熟成(うら)し喰(く)ふ 奧州(むつ)陸前(りくぜん)の 星鰈(ほしがれひ) たつた一貫(ひとつ)で 虜(とりこ)となりけり

四度目(よたびめ)の『豬股』。
當日(そのひ)電話(テレフヲン)するに、「空席(あき)あり」との應答(いらへ)。
今猶(いまなほ)かくのごとき景状(ありさま)なる縁由(ことのよし)、
偏(ひとへ)に、"川口(かはぐち)"と云ふ地(ところ)の牆壁(かべ)にあらん。

とは云へ、かの蒲田(かまた)『初音鮨』の前例(ためし)もあり、
努々(ゆめゆめ)油斷大敵(きをぬくべからず)!
半年後(はんとせのち)、
「『初音鮨』のごとき爲體(てゐたらく)にならぬ」とは、難斷言(いひきりがたし)。

"熟成(ねかし・うらし)"を窮(きは)めんとするは、以前同樣(まへにおなじ)。
魚(うを)に依存(よ)り、大(おほ)きさに從(したが)ひ
鹽(しほ)を振(ふ)り、時(とき)にその儘(まゝ)
冰温(こほりのつめたさ)に寢(ね)かすこと數日間(いくにちか)。

"劍先烏賊(けんさきいか)"で五日(いつか)、
"(すゞき)"、"星鰈(ほしがれひ)"なら七日(なぬか)、
この日(ひ)の"(しび)"は五日(いつか)と云ふ工合(ぐあひ)。
鱸(すゞき)は、「昆布〆(こぶじめ)歟(か)?」と訝(いぶか)るほど。

舎利(すめし)の美味(うま)さも不變(あひかはらず)。
陸奧(むつ)の眞妻山葵(まづまわさび)の優秀(すば)らしさは、
豆州(いづ)のそれにも匹敵(ま)けぬほど。
季(とき)に恵(めぐ)まれずと云へど、"(しび)"もまた佳味(よきあぢ)。

創業(あきなひをはじめ)て以來(よりこのかた)
築地(うをいちば)では、最上(いとよ)きものばかりを贖(か)ひ續(つゞ)け
今(いま)や、仲卸(なかおろし)が、
當家(こちら)のために極上(このうへなき)ものを確保(とりおき)するまでに、、。

"(しび)"、"海膽(うに)"は勿論(いふまでもなく)、
その他(ほか)の鮨種(すしだね)も至高(とびきり)のものばかり。
この日(ひ)の"紫海膽(うに)"にも「築地一(つきぢいち)」の極印(きはめいん)。
一貫(ひとつ)原價(もとね)で四千五百圓(よんせんごひやくゑん)にもなると云ふ。

それを、
「四千圓(よんせんゑん)と云ふ破格値(あかじね)」
にて提供(いだす)とのよし。
小人(それがし)のみ、このありがたき提案(まうしいで)を辭退(ことわる)。

"星鳗(はかりめ)"は烹(に)て炮(あぶ)ると云ふ烹調法(やりかた)。
外見(みため)も食感(あぢはひ)も、
瀬戸内(せとうち)界隈(あたり)の燒穴子(やきあなご)に彷彿(さもにたり)。
僕(やつかれ)、やはり、古典的(むかしなが)らの"煮穴子(にあなご)"が吉(よい)。
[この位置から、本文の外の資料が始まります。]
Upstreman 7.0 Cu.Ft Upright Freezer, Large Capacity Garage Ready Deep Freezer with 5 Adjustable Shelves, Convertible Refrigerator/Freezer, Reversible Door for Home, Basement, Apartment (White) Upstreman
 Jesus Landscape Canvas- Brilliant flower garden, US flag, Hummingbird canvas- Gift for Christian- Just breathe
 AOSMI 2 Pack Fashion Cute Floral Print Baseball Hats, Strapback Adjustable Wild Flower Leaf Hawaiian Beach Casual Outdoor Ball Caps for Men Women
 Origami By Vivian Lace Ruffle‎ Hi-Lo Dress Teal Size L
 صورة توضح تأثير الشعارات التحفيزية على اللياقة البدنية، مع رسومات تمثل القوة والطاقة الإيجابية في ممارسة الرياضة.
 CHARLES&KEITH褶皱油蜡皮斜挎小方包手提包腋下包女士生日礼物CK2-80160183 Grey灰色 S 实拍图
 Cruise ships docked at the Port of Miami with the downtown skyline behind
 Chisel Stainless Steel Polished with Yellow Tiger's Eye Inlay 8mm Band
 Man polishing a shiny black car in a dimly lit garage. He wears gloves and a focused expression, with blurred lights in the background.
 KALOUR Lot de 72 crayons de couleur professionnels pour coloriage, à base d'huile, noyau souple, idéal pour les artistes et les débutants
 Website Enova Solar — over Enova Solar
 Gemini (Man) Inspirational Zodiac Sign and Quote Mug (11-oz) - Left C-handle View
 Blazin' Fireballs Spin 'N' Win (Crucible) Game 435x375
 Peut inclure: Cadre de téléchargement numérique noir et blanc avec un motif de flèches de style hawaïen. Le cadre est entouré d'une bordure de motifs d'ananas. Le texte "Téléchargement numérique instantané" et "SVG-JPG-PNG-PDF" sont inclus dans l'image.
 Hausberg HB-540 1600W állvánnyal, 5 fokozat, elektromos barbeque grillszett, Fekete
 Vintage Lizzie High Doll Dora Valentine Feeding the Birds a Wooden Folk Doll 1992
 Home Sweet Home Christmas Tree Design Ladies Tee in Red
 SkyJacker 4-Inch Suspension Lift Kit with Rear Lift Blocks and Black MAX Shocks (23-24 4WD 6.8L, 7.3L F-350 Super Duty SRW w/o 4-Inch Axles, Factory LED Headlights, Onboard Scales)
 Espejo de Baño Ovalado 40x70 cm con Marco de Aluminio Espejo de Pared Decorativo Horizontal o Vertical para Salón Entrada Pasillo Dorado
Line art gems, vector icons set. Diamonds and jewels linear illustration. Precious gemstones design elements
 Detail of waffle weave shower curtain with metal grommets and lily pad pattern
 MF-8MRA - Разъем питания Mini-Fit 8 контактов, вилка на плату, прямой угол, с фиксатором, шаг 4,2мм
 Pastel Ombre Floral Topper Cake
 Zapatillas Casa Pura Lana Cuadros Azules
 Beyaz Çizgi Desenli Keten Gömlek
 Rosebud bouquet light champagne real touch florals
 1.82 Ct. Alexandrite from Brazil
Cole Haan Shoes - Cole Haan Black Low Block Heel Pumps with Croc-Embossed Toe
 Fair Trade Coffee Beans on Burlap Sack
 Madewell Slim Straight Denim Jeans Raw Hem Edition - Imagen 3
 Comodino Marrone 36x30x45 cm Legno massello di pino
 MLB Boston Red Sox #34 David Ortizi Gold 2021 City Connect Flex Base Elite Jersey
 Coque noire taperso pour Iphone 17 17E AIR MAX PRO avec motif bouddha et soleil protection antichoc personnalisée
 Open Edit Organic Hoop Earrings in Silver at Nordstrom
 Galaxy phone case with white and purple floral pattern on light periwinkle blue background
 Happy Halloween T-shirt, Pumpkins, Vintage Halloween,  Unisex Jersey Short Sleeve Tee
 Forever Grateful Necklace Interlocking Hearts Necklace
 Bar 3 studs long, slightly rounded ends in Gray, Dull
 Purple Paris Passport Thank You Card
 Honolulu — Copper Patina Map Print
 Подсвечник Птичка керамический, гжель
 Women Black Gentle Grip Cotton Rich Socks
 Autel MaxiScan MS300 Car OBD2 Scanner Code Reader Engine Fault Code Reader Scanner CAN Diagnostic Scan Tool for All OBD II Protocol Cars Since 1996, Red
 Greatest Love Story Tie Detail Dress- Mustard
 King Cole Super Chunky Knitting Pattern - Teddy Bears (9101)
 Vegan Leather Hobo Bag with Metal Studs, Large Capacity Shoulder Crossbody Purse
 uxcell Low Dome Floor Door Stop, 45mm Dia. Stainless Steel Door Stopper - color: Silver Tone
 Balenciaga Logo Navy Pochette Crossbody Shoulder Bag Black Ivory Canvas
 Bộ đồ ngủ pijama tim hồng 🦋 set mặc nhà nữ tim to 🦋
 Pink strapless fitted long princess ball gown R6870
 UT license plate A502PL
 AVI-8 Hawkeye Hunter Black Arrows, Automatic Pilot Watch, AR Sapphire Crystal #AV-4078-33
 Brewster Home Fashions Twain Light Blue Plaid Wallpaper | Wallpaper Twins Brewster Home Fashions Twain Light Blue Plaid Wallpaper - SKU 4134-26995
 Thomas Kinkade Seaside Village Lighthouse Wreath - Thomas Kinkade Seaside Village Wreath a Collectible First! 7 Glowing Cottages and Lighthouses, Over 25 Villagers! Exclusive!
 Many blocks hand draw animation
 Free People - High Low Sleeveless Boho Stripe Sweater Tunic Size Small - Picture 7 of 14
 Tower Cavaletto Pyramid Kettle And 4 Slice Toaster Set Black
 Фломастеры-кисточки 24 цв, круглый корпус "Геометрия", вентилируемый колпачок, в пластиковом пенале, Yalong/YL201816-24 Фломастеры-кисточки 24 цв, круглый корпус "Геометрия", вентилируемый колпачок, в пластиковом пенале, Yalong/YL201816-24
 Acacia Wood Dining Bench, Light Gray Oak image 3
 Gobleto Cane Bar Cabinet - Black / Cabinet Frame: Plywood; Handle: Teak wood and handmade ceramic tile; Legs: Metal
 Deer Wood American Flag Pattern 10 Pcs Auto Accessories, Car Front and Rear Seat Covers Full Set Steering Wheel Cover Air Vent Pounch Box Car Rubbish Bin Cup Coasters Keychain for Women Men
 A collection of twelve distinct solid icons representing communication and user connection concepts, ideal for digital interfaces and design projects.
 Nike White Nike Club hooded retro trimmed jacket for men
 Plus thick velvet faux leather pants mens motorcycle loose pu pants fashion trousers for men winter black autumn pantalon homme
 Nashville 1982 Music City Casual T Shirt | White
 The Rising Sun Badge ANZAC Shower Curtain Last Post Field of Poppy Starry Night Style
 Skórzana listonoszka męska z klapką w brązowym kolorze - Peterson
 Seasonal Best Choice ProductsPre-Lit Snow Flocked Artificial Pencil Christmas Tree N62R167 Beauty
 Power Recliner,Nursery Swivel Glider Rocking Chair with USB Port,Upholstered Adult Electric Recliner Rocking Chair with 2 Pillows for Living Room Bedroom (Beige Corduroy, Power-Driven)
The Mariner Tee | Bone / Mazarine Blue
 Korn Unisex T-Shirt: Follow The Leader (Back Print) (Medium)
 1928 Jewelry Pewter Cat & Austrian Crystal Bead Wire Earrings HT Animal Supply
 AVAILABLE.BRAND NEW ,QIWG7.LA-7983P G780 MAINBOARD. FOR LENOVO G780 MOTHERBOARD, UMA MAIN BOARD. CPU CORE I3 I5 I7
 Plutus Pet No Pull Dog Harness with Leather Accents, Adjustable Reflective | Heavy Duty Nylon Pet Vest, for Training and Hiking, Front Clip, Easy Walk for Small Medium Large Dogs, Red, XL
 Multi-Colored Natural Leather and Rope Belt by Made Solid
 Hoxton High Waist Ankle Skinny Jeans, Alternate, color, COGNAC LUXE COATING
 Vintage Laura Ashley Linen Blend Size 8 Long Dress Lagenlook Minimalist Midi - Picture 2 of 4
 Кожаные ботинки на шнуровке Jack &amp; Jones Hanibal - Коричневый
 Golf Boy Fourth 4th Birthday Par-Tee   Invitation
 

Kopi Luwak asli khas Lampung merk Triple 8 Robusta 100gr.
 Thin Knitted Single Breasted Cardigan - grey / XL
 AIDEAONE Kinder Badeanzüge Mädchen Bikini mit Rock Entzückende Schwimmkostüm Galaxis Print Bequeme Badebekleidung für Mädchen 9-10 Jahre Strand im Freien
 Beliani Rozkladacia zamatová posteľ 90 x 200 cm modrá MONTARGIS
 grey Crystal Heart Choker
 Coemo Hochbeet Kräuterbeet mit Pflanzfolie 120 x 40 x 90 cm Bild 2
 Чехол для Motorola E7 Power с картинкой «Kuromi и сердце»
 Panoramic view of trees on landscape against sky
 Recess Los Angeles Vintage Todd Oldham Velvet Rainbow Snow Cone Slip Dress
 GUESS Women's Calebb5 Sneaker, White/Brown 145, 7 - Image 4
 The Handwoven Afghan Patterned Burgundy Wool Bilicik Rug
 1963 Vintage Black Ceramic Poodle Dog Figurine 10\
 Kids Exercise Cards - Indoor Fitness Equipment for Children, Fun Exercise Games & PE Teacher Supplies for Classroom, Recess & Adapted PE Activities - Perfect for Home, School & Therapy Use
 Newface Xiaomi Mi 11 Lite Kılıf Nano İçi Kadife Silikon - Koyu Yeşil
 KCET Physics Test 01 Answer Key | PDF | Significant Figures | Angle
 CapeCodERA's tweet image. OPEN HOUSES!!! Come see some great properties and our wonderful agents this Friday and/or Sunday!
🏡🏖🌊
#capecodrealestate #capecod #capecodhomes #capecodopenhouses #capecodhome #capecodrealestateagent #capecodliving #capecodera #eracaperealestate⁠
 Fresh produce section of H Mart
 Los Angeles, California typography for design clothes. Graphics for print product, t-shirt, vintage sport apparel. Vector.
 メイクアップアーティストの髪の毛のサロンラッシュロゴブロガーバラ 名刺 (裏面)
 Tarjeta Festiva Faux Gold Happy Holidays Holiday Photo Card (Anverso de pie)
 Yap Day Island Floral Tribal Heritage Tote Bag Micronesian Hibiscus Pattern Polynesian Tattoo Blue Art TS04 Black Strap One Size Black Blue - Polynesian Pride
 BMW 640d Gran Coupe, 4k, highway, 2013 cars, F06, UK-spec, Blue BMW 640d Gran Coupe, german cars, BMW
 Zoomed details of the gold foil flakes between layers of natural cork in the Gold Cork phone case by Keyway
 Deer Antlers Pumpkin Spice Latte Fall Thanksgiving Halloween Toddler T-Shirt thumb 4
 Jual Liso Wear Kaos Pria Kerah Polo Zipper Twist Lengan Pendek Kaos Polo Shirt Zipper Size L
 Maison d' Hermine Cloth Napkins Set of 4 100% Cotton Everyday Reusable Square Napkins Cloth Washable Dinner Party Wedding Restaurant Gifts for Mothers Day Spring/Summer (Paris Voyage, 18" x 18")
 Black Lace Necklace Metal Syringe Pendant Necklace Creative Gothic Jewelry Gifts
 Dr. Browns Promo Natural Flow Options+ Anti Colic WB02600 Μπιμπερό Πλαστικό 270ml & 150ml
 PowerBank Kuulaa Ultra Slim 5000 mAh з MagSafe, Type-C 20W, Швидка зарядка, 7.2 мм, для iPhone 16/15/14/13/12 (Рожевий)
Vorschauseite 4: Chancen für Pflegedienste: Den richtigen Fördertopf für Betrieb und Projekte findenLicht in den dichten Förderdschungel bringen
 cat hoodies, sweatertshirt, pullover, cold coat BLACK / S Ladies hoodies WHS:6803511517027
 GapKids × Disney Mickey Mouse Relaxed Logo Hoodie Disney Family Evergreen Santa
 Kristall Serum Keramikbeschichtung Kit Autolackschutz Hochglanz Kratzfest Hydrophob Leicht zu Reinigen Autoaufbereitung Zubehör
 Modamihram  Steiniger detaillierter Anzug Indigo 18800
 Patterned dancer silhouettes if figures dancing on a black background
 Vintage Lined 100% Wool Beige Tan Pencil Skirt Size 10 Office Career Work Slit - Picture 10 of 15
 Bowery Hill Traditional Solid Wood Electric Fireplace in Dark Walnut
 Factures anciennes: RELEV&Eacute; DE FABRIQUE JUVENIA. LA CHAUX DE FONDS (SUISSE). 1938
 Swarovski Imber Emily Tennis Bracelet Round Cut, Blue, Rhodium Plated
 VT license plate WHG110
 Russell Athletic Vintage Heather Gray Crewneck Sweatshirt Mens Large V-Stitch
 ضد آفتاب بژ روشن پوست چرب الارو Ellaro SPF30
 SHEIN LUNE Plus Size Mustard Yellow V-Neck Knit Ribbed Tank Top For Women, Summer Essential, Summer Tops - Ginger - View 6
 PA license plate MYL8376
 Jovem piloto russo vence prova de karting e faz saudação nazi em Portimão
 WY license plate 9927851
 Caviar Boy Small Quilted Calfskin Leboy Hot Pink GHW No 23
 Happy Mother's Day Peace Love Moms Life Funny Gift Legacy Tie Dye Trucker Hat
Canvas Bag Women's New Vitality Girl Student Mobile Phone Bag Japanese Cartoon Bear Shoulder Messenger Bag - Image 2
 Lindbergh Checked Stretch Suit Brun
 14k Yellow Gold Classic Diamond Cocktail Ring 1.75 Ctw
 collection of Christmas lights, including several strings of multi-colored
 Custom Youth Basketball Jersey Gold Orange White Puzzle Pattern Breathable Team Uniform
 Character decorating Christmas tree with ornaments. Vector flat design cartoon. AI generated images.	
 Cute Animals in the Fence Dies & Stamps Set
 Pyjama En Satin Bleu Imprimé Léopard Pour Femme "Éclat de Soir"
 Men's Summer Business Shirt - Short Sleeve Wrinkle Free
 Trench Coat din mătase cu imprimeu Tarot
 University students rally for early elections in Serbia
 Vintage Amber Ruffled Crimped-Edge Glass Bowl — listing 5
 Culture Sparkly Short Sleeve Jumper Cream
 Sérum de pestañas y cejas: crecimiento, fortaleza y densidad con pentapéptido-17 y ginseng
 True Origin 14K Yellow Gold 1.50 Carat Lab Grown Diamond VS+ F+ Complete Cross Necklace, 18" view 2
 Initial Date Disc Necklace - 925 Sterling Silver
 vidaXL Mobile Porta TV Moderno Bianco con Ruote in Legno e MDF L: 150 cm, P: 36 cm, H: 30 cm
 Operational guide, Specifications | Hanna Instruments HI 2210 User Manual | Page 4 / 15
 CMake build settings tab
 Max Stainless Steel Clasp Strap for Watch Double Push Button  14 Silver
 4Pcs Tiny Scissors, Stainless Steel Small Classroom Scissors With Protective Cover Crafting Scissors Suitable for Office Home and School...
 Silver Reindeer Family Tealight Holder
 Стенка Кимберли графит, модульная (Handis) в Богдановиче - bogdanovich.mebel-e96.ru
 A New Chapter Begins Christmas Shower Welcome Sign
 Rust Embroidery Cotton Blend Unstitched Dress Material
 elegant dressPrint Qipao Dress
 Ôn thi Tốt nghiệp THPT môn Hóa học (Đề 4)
"蝦蛄(しやこ)"も卵巣(たまご)を持(も)たぬものを、
眼前(めのまへ)にて茹(う)で上(あ)ぐるを嗜(この)む。
當家(こちら)の流儀(やりかた)、
風習(ならひ)の"漬込(つけこみ)"とも半點(いさゝか)異質(ことなる)。

明々地(あからさま)に改良(よく)なりしが"雞卵燒(たまごやき)"。
顏色(いろ)の變化(たがひ)は甘蔗(さたう)を變更(かへ)たことに起因(よる)。
滑(なめ)らかなること絹(きぬ)のごとく
嫩(やはらか)なること焦糖布甸(かすたあどぷでいんぐ)を髣髴(おもはす)

劈頭(いやさき)から掉尾(いやはて)に至(いた)るまで、
一(ひと)つとして麁味(あぢあ)しきもの皆無(なし)
只顧(ひたすら)旨(うま)く、唯々(たゞたゞ)味覺(した)を怡(よろこ)ばしむ
とは云へ、美味(うま)く濃厚(こ)きに過(す)ぐるとの恨(うら)みを殘(のこ)す。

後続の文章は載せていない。